Name That Tune: No, It is Not the Versailles Bugaloo

Imagine that you are an unbearable French aristocrat whose coach recklessly runs over starving children. What music would you have on your coach’s CD player? This, of course:

 

 

Apparently, this was the only music in 18th France because it is the only music that you have ever heard in a film in that seething setting. You may have categorized the tune as “Minuet to the Guillotine” but it actually is part a string quartet by Luigi Boccherini.

Popular in his day (1743-1805), Boccherini was in demand as a court composer. If you couldn’t get Haydn or Mozart, you settled for Boccherini. At the time, there was no shame in being third best, and he had commissions and positions in Madrid, Paris and Berlin. He seems to have avoided Vienna, however; maybe Salieri was dangerous.
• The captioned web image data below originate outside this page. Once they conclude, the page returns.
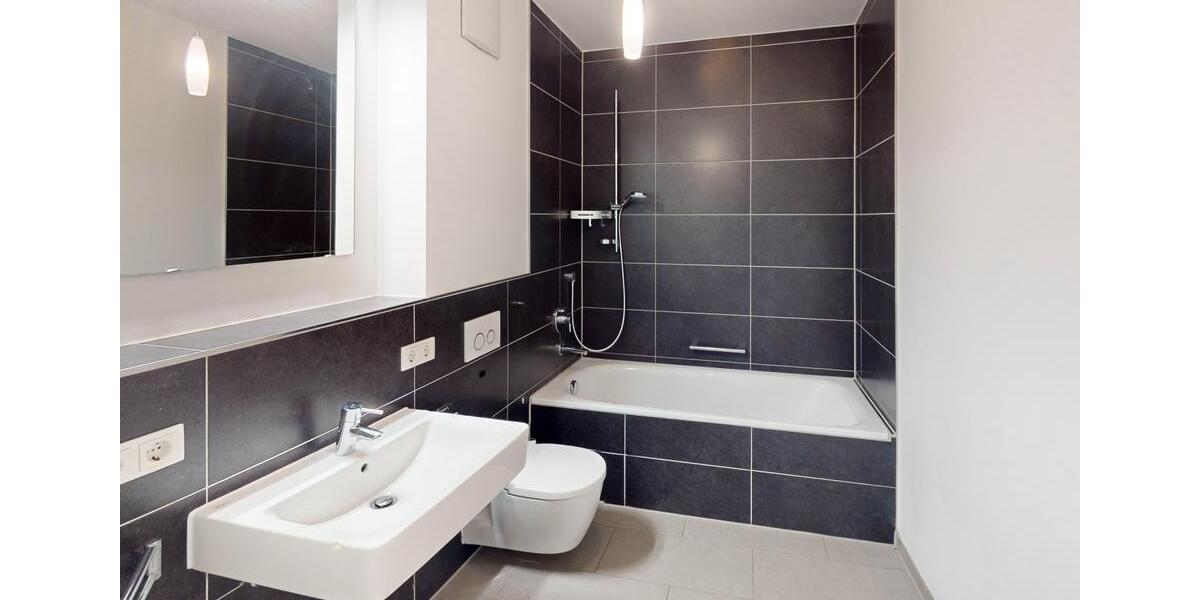 Etagenwohnung Herrenberg - 4 Zimmer, 100 m&sup2;, 1.465&euro; | Angebot:25650506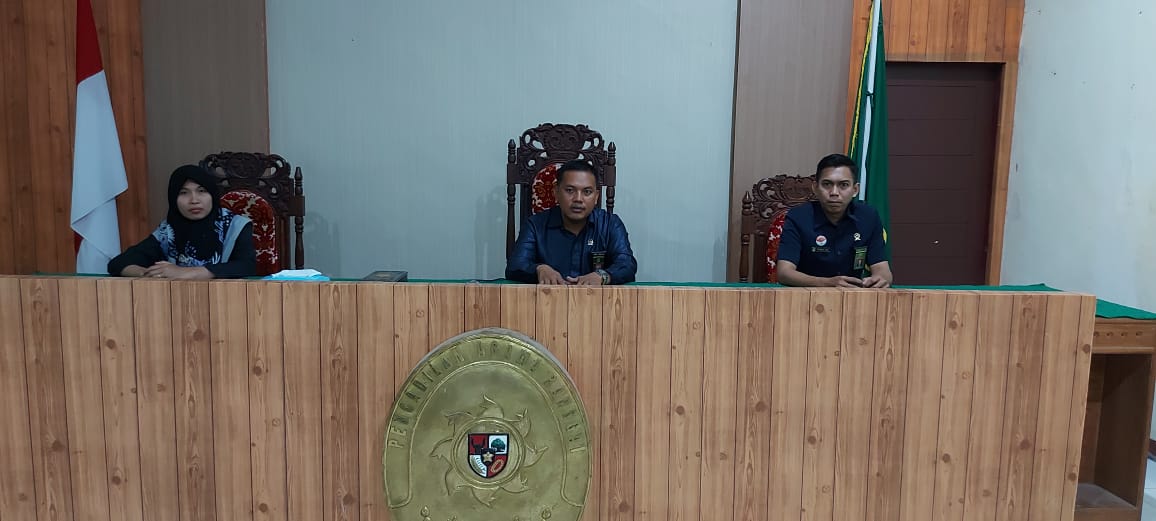 Rapat perdana adam2
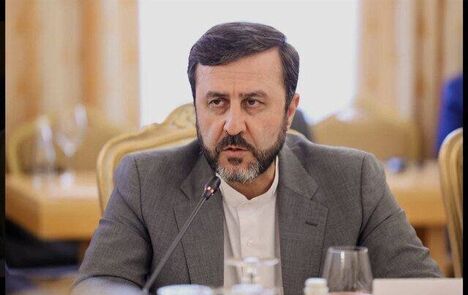 معاون عراقچی: تنگه هرمز زیر فرمان ایران است نه سنتکام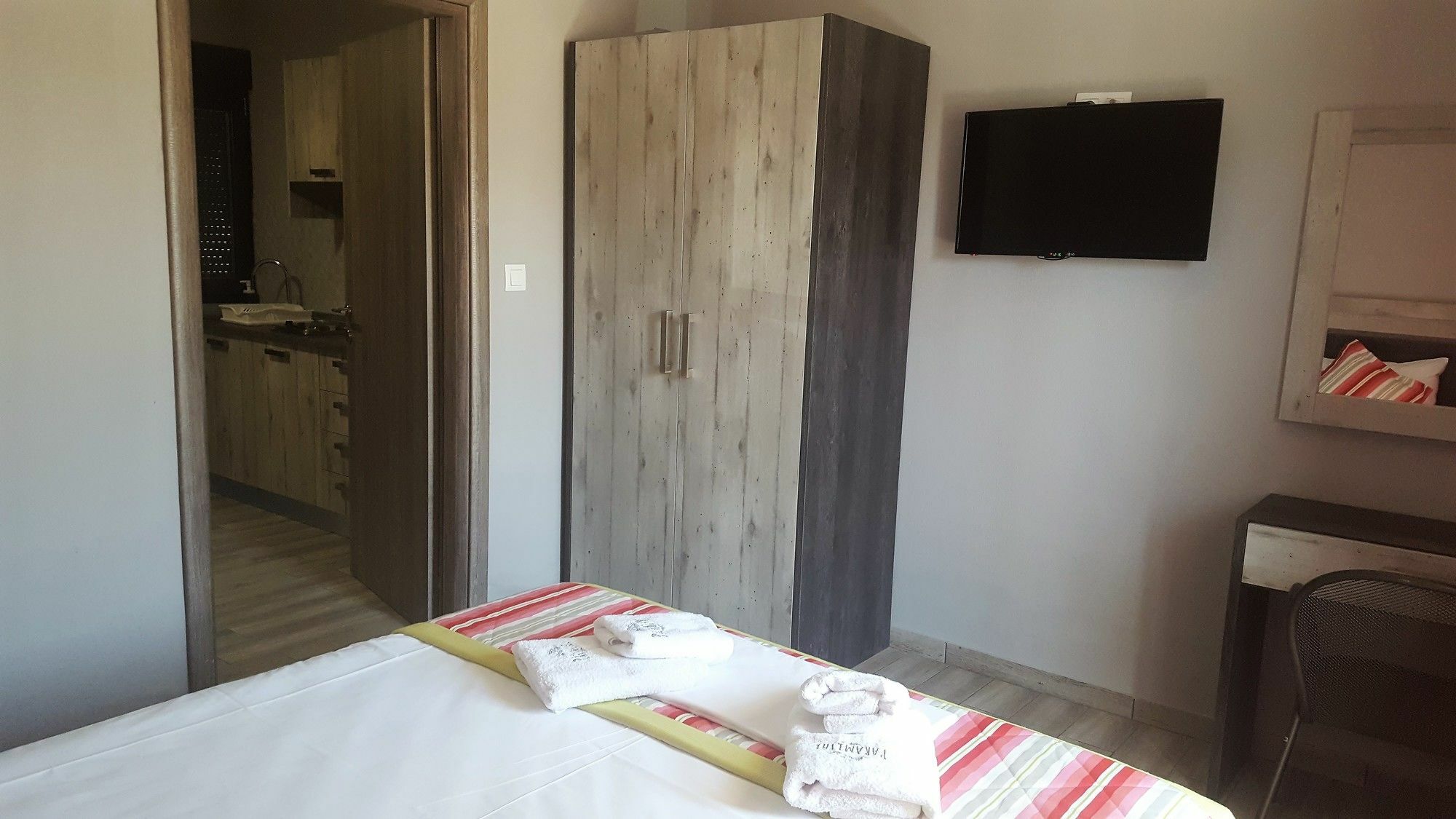 Paramithi Luxury Apartments Nikíti Kültér fotó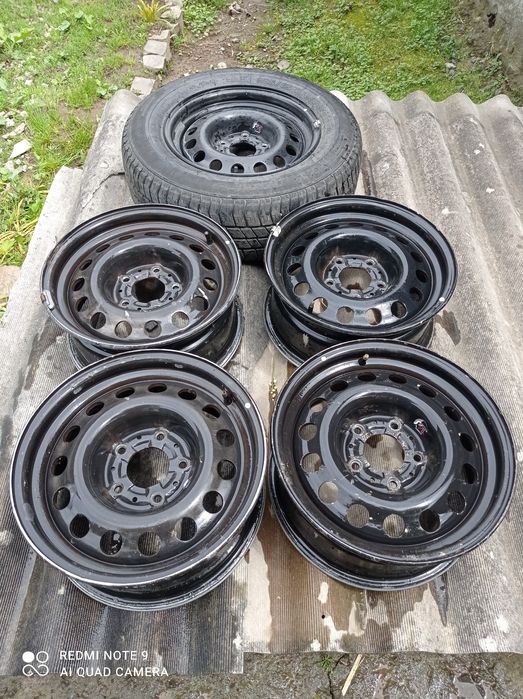 Продам 4 диски на BMW R 15 плюс запаска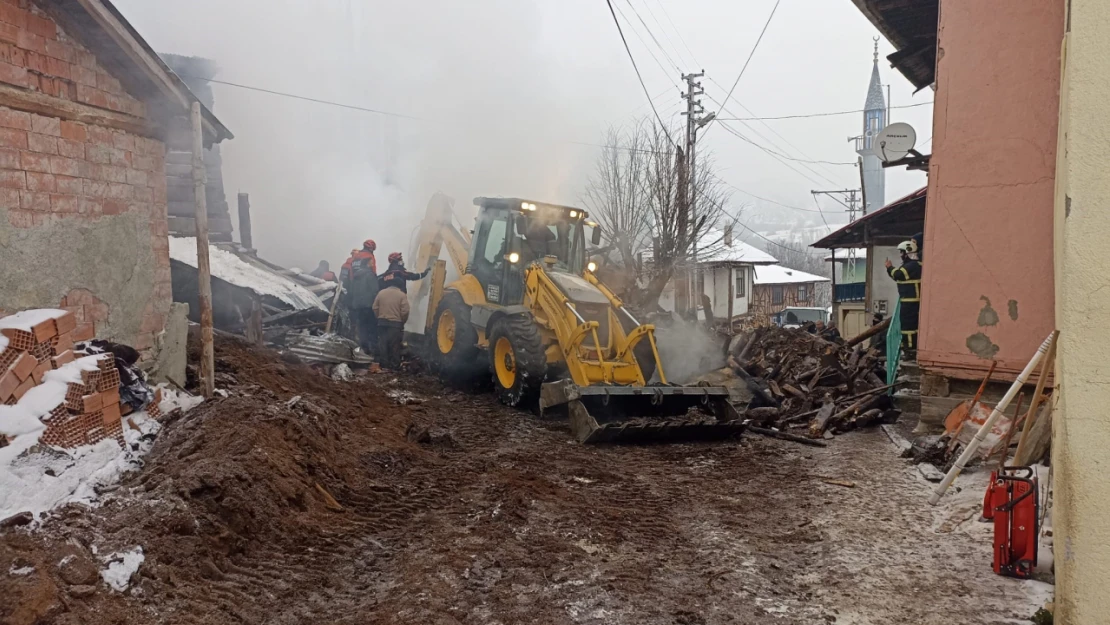 İki Katlı Ev Küle Döndü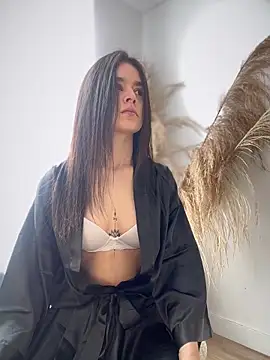 Snapshot of Sofi_Leal chatting on November 18, 2025, 12:52 pm Sofi Leal online show from November 18, 2025, 12:52 pm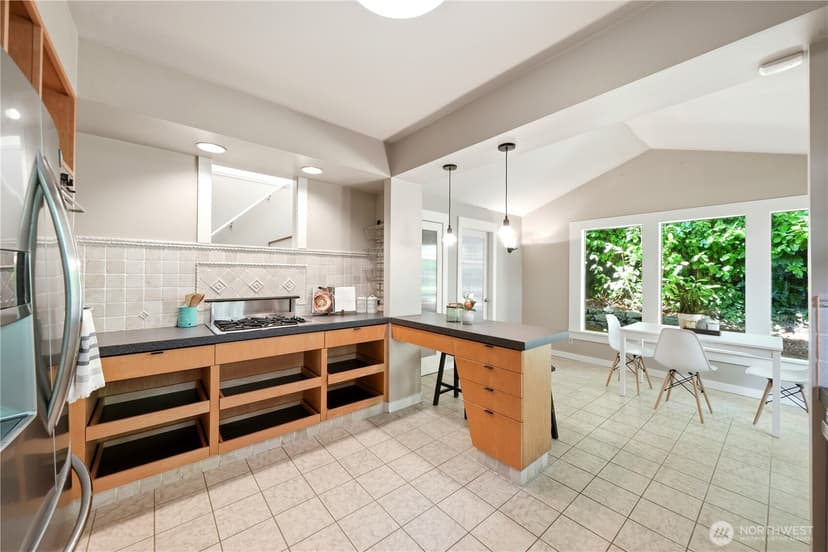 Property photo for 1731 Lake Washington Boulevard S, Seattle photo 19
Unfortunately, posterity judged Boccherini unkindly. By the standards of the 19th century, he was dismissed as a second-rate Haydn. Yet, in another century and hemisphere, Boccherini–or at least three minutes of his work–enjoyed a tremendous revival. Louis B. Mayer would have offered him a contract, although certainly not for any requiem masses. Worse for the composer, he has been unable to collect any royalties for that ubiquitous minuet.

At least, we can offer him this solace: Happy Birthday Maestro.

  1. Rey Hinckley says:

    Just don’t play and sing “Happy Birthday” or you be required to pay royalties for a song that will never be in the public domain.

  2. Hal Gordon says:

    If I were an unbearable French aristocrat whose coach rolls over starving children, and if my coach had a CD player, it would probably be playing, “Another One Bites the Dust.”

  3. As a Jacobite loyalist, the estimable Mr. Gordon would be playing the Boccherini minuet on the bagpipes.